文本自然语言处理简介
Posted 数据算法之心
tags:
篇首语:本文由小常识网(cha138.com)小编为大家整理,主要介绍了文本自然语言处理简介相关的知识,希望对你有一定的参考价值。
文本自然语言处理简介
一些例子
Cortana
Microsoft OS有一个名为Cortana的虚拟助手,可以识别自然语音。可以使用它来设置提醒,打开应用程序,发送电子邮件,玩游戏,跟踪航班和包裹,查看天气等。
Siri
Siri是Apple Inc.的ios,watchOS,macOS,HomePod和tvOS操作系统的虚拟助手。同样,你可以用语音命令做很多事情:开始通话,发短信给别人,发送电子邮件,设置计时器,拍照,打开应用程序,设置闹钟,使用导航等等。
Gmail
Google开发的著名电子邮件服务,Gmail使用垃圾邮件检测来过滤掉一些垃圾邮件。
NLP很难的真正原因
阅读和理解语言的过程比乍一看要复杂得多。要真正理解一篇文章在现实世界中的意义,有很多事情要做。比如:
“Steph Curry was on fire last nice. He totally destroyed the other team”
对一个人来说,这句话的意思可能很明显。我们知道库里是个篮球运动员;即使你不知道,我们也知道他在某个球队打球,也许是运动队。当我们看到“fire”和“destroyed”的时候,我们知道这意味着库里昨晚打得很好,并且击败了对方。
计算机往往把事情看得太过字面。从字面上看,就像一台电脑,我们会看到“史蒂芬·库里”(Steph Curry),根据大写字母,我们会认为这是一个人、一个地方或其他重要的东西,这很棒!但是我们看到,史蒂芬·库里“着火了”….电脑可能会告诉你昨天有人真的把库里点着了!……呀!。之后,电脑可能会说库里先生身体摧毁对方….根据计算机显示,他们已经不存在了……
但并非一切都是残酷的!多亏了机器学习,我们实际上可以做一些非常聪明的事情来快速地从自然语言中提取和理解信息!让我们看看如何使用几个简单的Python库在几行代码中实现这一点。
一些依赖包
首先,我们将安装一些有用的Python NLP库来帮助我们分析本文。
### 安装 spaCy, general Python NLP lib
pip install spacy
### 下载 the English dictionary model for spaCy
python -m spacy download en_core_web_lg
### 安装 textacy, basically a useful add-on to spaCy
pip3 install textacy
实体分析
现在一切都安装好了,我们可以对文本进行快速的实体分析。实体分析将检查您的文本,并确定文本中的所有重要单词或“实体”。当我们说“重要”的时候,我们真正的意思是那些具有某种现实世界语义或意义的词。
# coding: utf-8
import spacy
### Load spaCy's English NLP model
nlp = spacy.load('en_core_web_lg')
### The text we want to examine
text = "Amazon.com, Inc., doing business as Amazon, is an American electronic commerce and cloud computing company based in Seattle, Washington, that was founded by Jeff Bezos on July 5, 1994. The tech giant is the largest Internet retailer in the world as measured by revenue and market capitalization, and second largest after Alibaba Group in terms of total sales. The amazon.com website started as an online bookstore and later diversified to sell video downloads/streaming, MP3 downloads/streaming, audiobook downloads/streaming, software, video games, electronics, apparel, furniture, food, toys, and jewelry. The company also produces consumer electronics - Kindle e-readers, Fire tablets, Fire TV, and Echo - and is the world's largest provider of cloud infrastructure services (IaaS and PaaS). Amazon also sells certain low-end products under its in-house brand AmazonBasics."

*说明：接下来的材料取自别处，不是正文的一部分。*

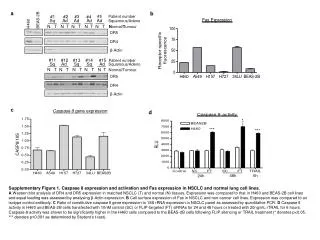 Supplementary Figure 1. Caspase 8 expression and activation and Fas expression in NSCLC and normal lung cell lines.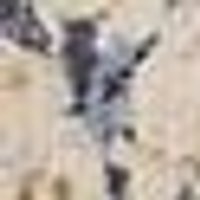 NUM: Distressed beige-tan with dark/light grey mottling. Rough, uneven texture.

### Parse the text with spaCy
### Our 'document' variable now contains a parsed version of text.
document = nlp(text)
### print out all the named entities that were detected
for entity in document.ents:
print(entity.text, entity.label_)
我们首先加载spaCy的学习过的ML模型并初始化要处理的文本。我们在文本上运行ML模型来提取实体。当您运行上述代码时,您将得到以下输出:
Amazon.com, Inc. ORG
Amazon ORG
American NORP
Seattle GPE
Washington GPE
Jeff Bezos PERSON
July 5, 1994 DATE
second ORDINAL
Alibaba Group ORG
amazon.com ORG
Fire TV ORG
Echo - LOC
PaaS ORG
Amazon ORG
AmazonBasics ORG
文本旁边的3个字母代码是表示我们正在查看的实体类型的标签。看来我们的模型做得很好!杰夫·贝索斯(Jeff Bezos)的确是一个人,日期确定得没错,亚马逊(Amazon)是一个组织,西雅图和华盛顿都是地缘政治实体(i.e国家、城市、州等)。唯一棘手的问题是,像 Fire TV 和 Echo 这样的产品实际上是产品,而不是组织。它还错过了亚马逊售卖的“video downloads/streaming, MP3 downloads/streaming, audiobook downloads/streaming, software, video games, electronics, apparel, furniture, food, toys, and jewelry,”,可能是因为它们在一个庞大的、没有大写字母的列表中,因此看起来不太重要。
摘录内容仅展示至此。